Let’s look at each of these pathways in turn.

The advanced analyzer

Many insurers have strong analytical capabilities in their actuarial group, focusing on how loss prediction can improve pricing or better detect fraud. But the potential for analytics is much broader, and the methods go beyond classic actuarial analysis. For instance, some high-performing firms deploy advanced customer analytics for risk selection, customer loyalty and claims management.

Much of the data in the future will be unstructured and found outside the policy administration system, so the model will require the capability to capture data at points of interaction with customers. It also requires an organization that is skilled at promoting innovation to apply Big Data, and eager to do so.

One analytics leader, Progressive in the US, has benefited from being out front with in-vehicle telematics and from running thousands of tests a year to systematically vary messages, product design and delivery channels. Other leaders include the Climate Corporation, which has upended the US crop insurance market, reducing farmers’ financial risks by crossing agriculture with Big Data analytics. Climate Corporation collects information on weather patterns, climate trends and soil characteristics, then crunches the data down to a farmer’s field. Using these insights, it offers policies against damage from weather events and uses the data for fully automated claims handling.

The digital distributor

More and more customers expect easy, convenient interactions with their insurance providers through any channel, so building an integrated offering has become an important element of earning customers’ advocacy. Omnichannel distribution, either direct-to-consumer or through agents with access to mobile applications and other digital tools, thus depends on seamless integration with physical operations like contact centers.

Only 8% of new life premiums and 10% of new P&C premiums flow through online or mobile sales channels today, though many insurers plan to increase that portion substantially.

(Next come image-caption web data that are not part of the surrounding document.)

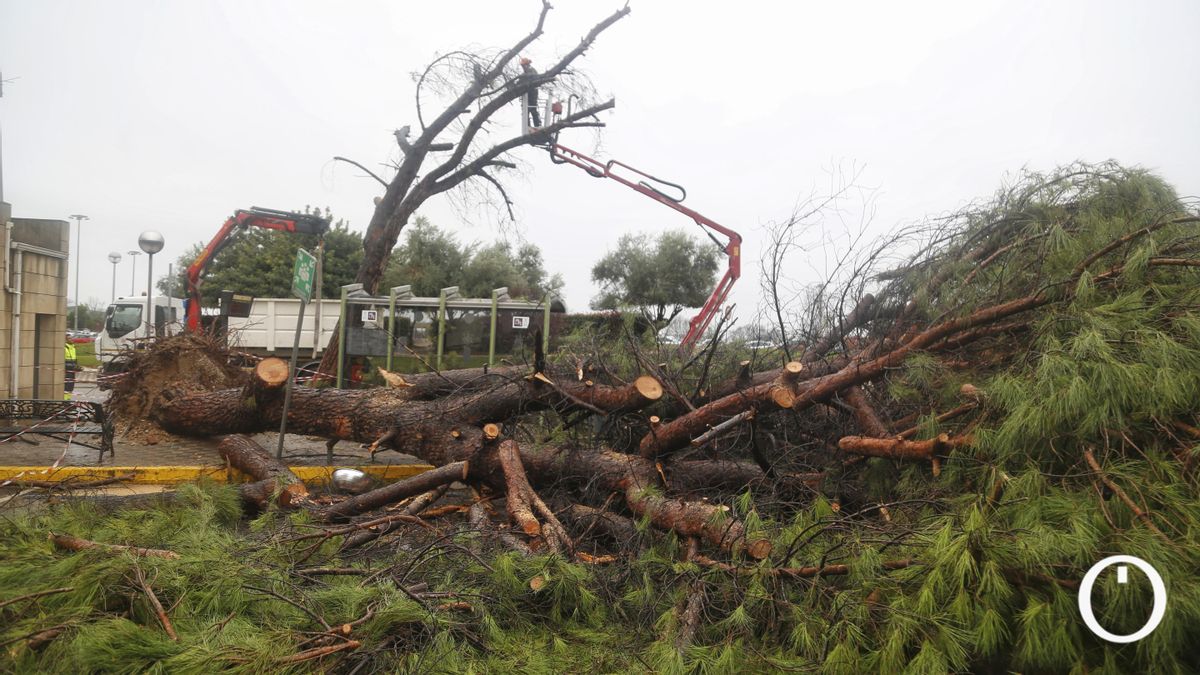 Efectos del tornado en el Hospital Reina Sofía de Córdoba
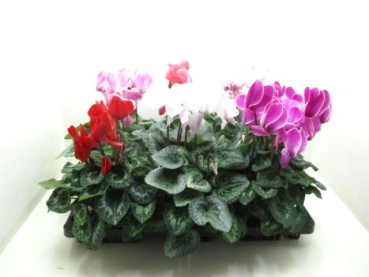 Cyclamen pers. Mix glatt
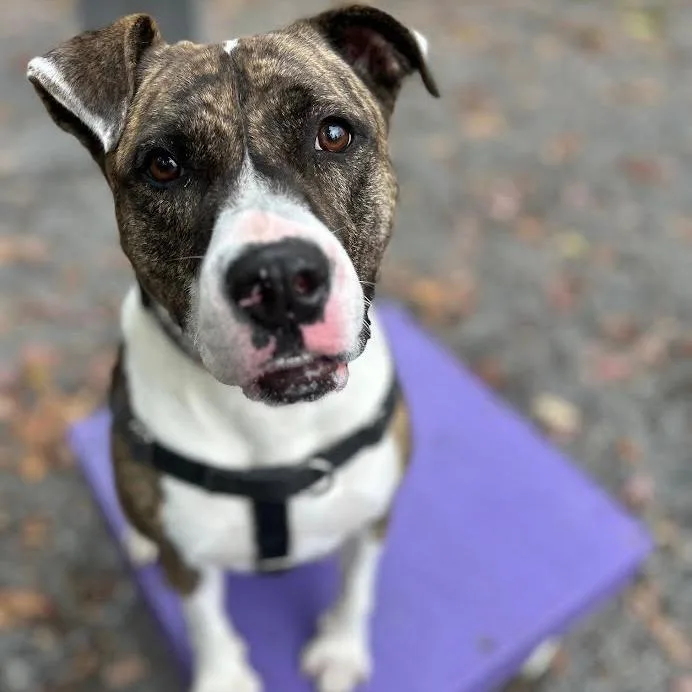 An adult medium-sized female Brindle Boxer dog named Baura for adoption in Berkeley Springs, WV
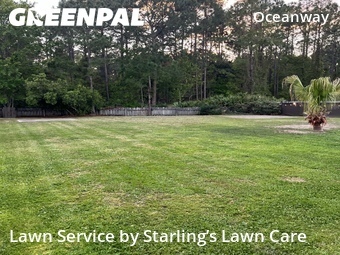 Yard Cutting nearby Jacksonville, FL, 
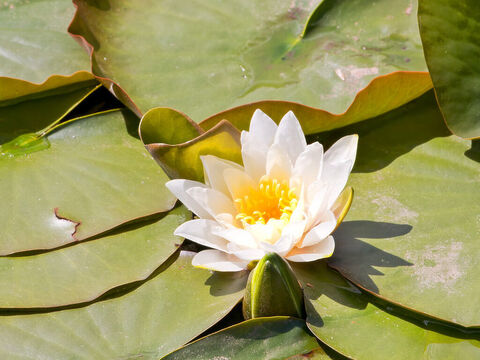 Water lily. – Slide 19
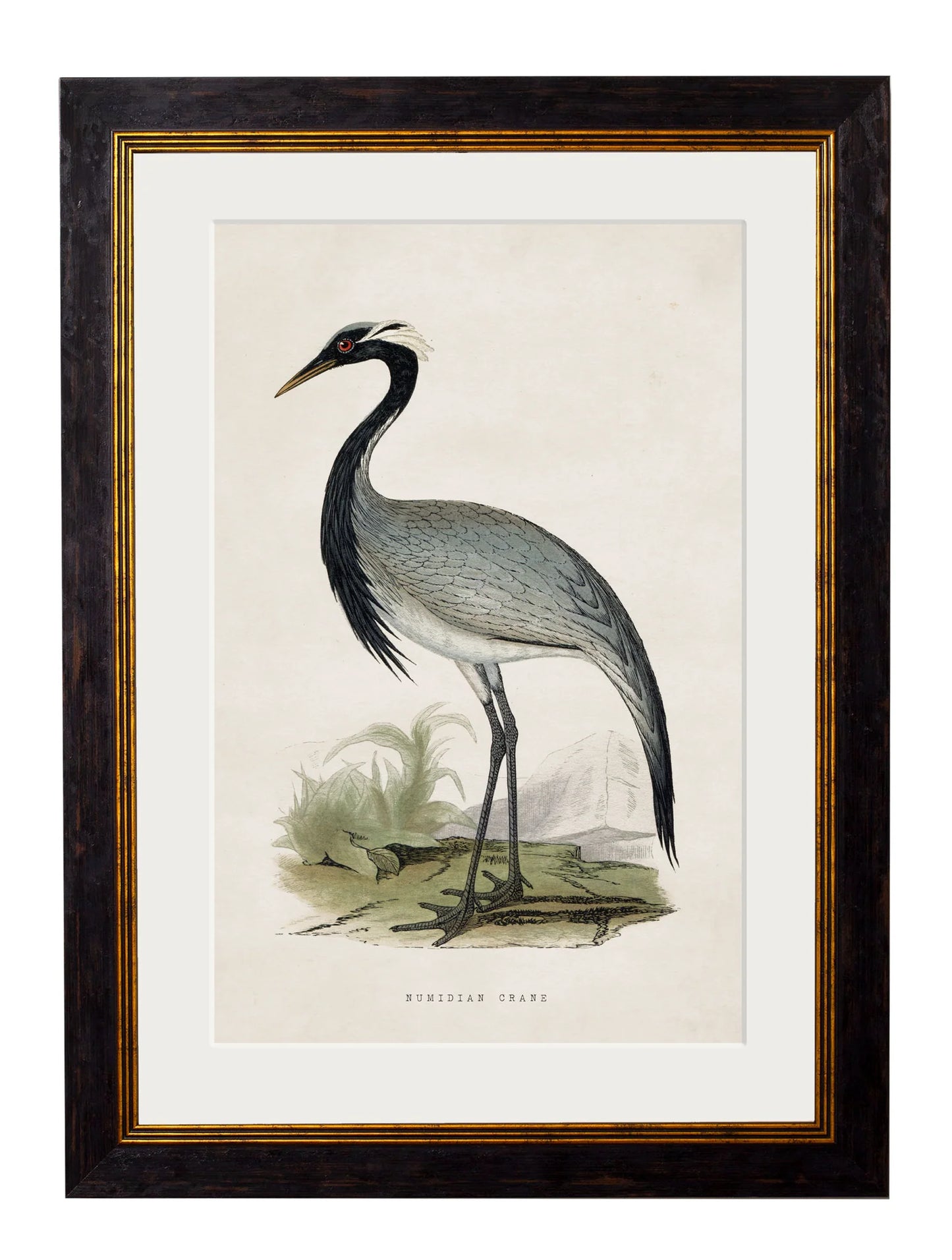 Framed Print - Numidian Crane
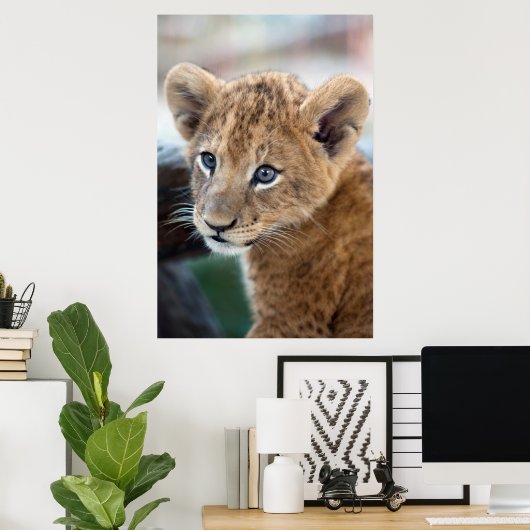 Poster Lion Cub (Bureau à domicile)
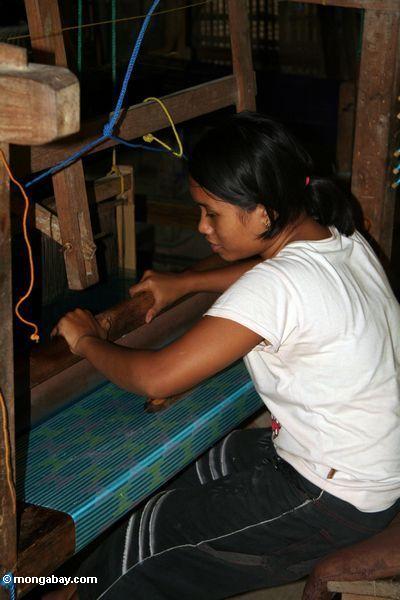 Frau, die spinnt ein silk Stück Sulawesi
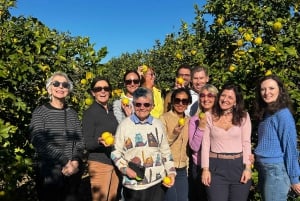 Dégustation d'huile d'olive à Syracuse, Sicile - Evoo Tour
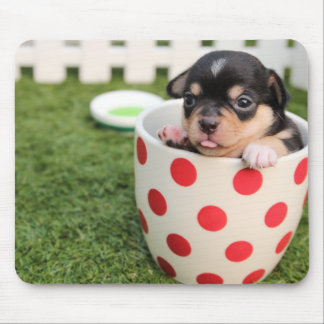Teacup-Chihuahua-Welpe Mousepad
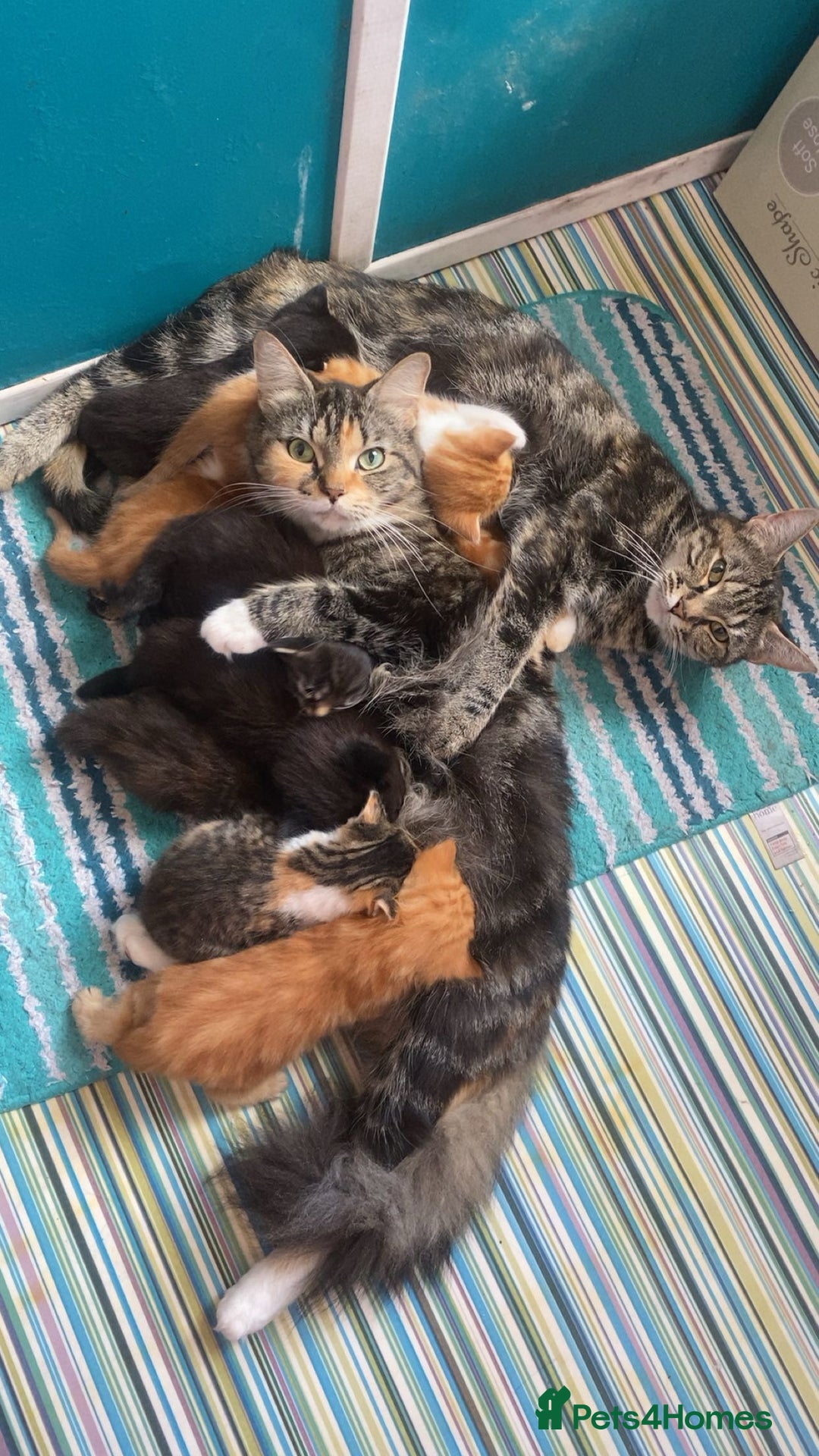 Mixed Breed cats for sale: 9 Beautiful Mixed Kittens - Image 3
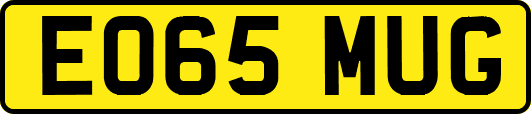 EO65MUG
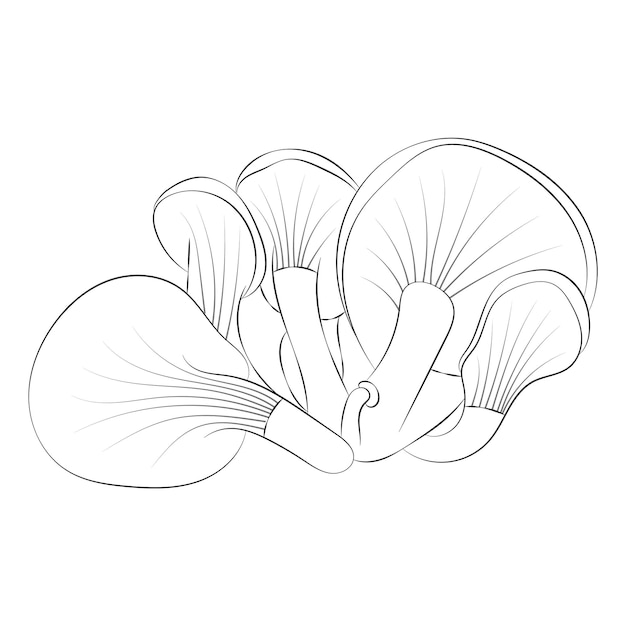 Mushroom coloring pages premium vector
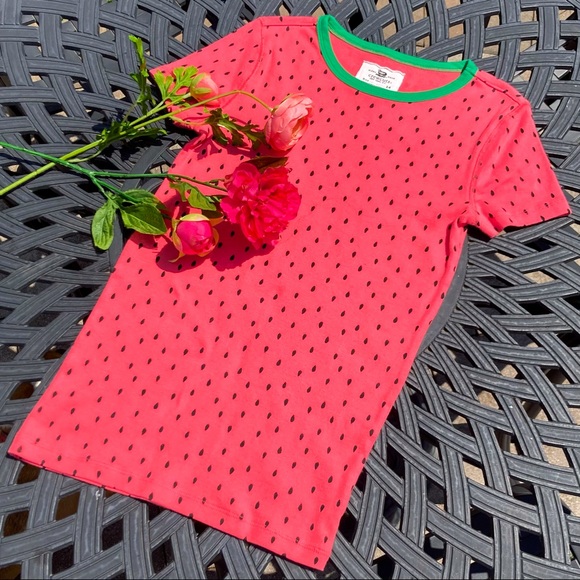 JCrew pink seeded green ringer watermelon t shirt NWOT Small - Picture 2 of 7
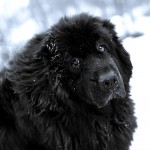 纽芬兰犬-缩略图-10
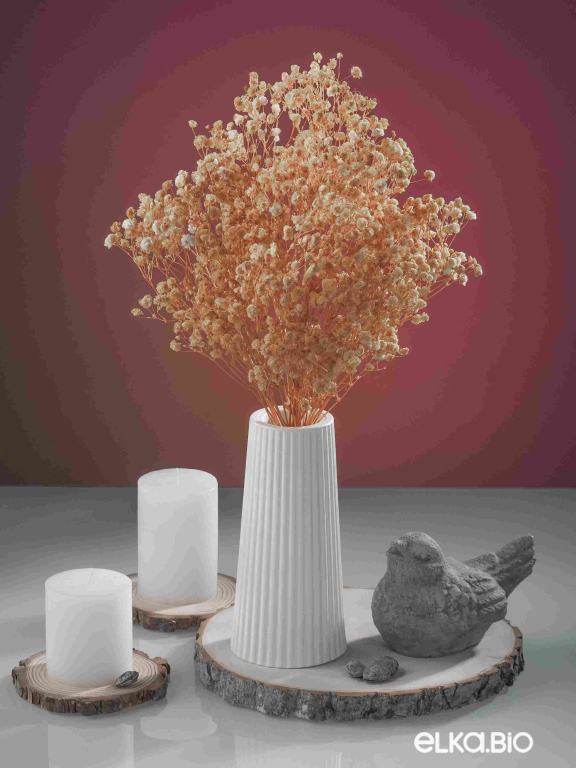 Гипсофила бежевая 50 г. Высший сорт - стабилизированная М493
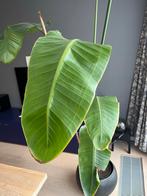 Strelitzia Nicolai - 2,5m hoog, Huis en Inrichting, Kamerplanten, Ophalen, 200 cm of meer, Overige soorten, In pot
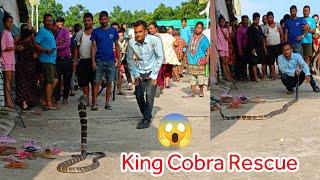   King cobra किंग कोब्रा सर्प समाउँदा भयो ठूलो घटना king cobra snake rescue in Nepal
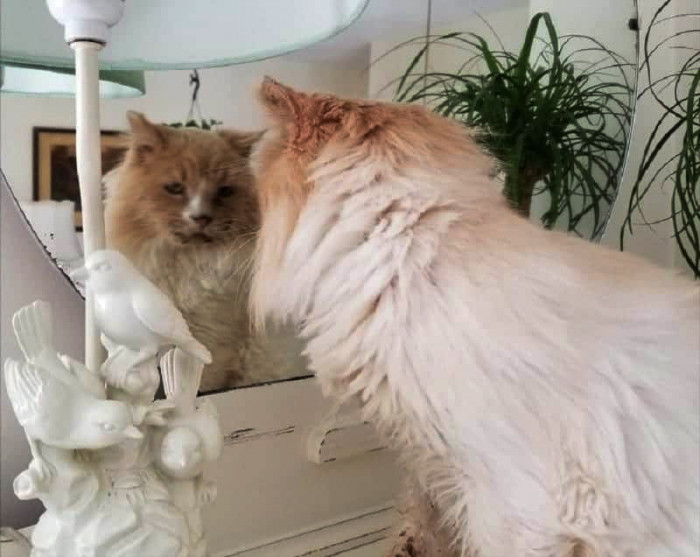 “Half of his teeth were missing,” the MRFRS said.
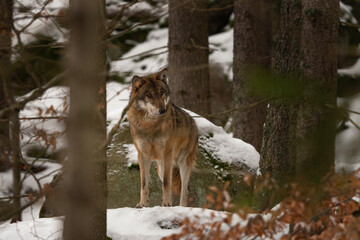Naklejka premium Eurasian wolf in the winter forest. Wolf pack during the winter in Europe. European wildlife. 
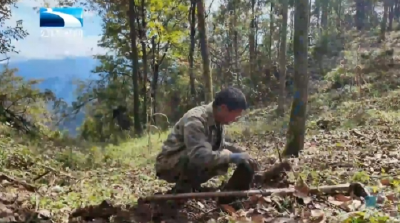 林下生“金”！十堰竹溪走出“林+药”产业发展的新路子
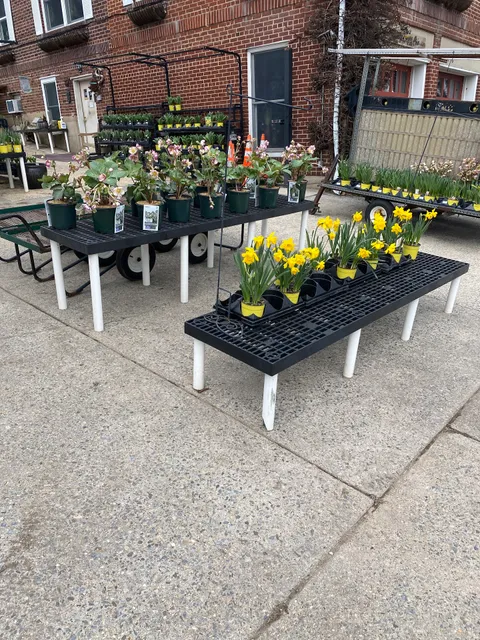 Conrad Schweizer Nurseries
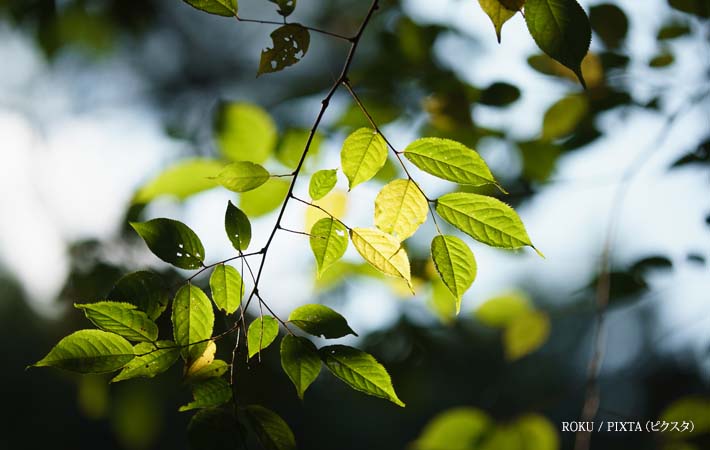 光に照らされる木の葉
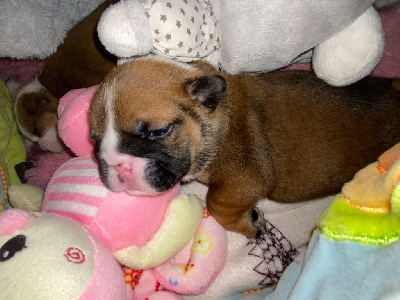 Les chiots de Bulldog Anglais
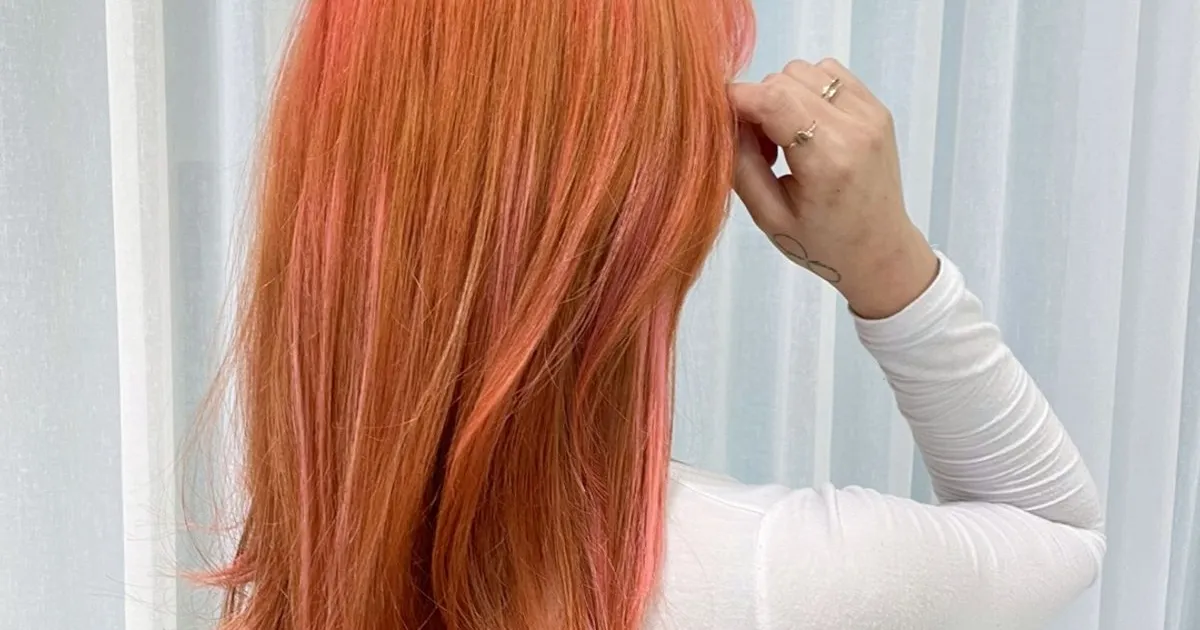 지야T 한정 봄맞이 염색 50% 할인이벤트중❤️ / 장루이다비드상인점 지야T - 숨고, 숨은고수 지야T 한정 봄맞이 염색 50% 할인이벤트중❤️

Companies pursuing a digital distributor model aim to accelerate the shift, with product features and pricing tailored for digital channels as needed. Service levels for digital-only distribution can be comparable to or even better than physical channels, because the company can start with a clean sheet and design simpler processes.

Direct digital distribution works best in regions like the Nordic countries, where consumers already show a strong digital uptake for other services, such as online banking. The primary challenge involves the inherent conflict between an insurer’s digital channels and its tied agent or broker organization.

Where the agent network is strong, some insurers have created a separate entity or brand with different pricing, to avoid or mitigate the conflict. Kyobo Life followed that logic when it created Kyobo Lifeplanet through a joint venture with Japan’s Lifenet; Lifeplanet offers a no-frills product line through its website. Over time, however, most companies will benefit from a Digical model with the same products and prices in all channels, which customers can access whenever convenient.

The customer-centric insurer

Insurers that double down on a customer-centric model mobilize their operations around the goal of earning greater loyalty and advocacy among customers. That’s because customers who are loyal promoters of their insurers stay longer, buy more, recommend the company to friends and colleagues and usually cost less to serve—with the mix of these forces dependent on the particular market and type of insurance. In the US, for instance, Bain analysis shows that a promoter’s lifetime value is worth nearly seven times that of a customer who is a detractor of the carrier.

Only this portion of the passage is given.